This work considers Bayesian experimental design for the inverse boundary value problem of linear elasticity in a two-dimensional setting. The aim is to optimize the positions of compactly supported pressure activations on the boundary of the examined body in order to maximize the value of the resulting boundary deformations as data for the inverse problem of reconstructing the Lam\'e parameters inside the object. We resort to a linearized measurement model and adopt the framework of Bayesian experimental design, under the assumption that the prior and measurement noise distributions are mutually independent Gaussians.
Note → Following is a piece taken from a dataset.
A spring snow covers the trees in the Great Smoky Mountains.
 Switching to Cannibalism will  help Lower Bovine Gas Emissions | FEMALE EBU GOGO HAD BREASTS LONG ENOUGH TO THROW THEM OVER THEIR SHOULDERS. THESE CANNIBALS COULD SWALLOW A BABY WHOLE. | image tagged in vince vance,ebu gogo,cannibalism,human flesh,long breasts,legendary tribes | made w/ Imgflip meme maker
This enables the use of the standard Bayesian A-optimality criterion for deducing optimal positions for the pressure activations. The (second) derivatives of the boundary measurements with respect to the Lam\'e parameters and the positions of the boundary pressure activations are deduced to allow minimizing the corresponding objective function, i.e., the trace of the covariance matrix of the posterior distribution, by a gradient-based optimization algorithm. Two-dimensional numerical experiments are performed to demonstrate the functionality of our approach.

翻译：本文考虑二维环境下线性弹性力学逆边界值问题的贝叶斯实验设计。研究旨在优化受检物体边界上紧支撑压力激励的位置，以最大化由此产生的边界形变作为数据对反演物体内部拉梅参数问题的价值。我们采用线性化测量模型，并在先验分布与测量噪声分布相互独立且均服从高斯分布的假设下，引入贝叶斯实验设计框架。这使得我们能够使用标准贝叶斯A最优性准则来推导压力激励的最优位置。通过推导边界测量值关于拉梅参数及边界压力激励位置的二阶导数，可借助梯度优化算法最小化相应目标函数（即后验分布协方差矩阵的迹）。最后通过二维数值实验验证了本方法的有效性。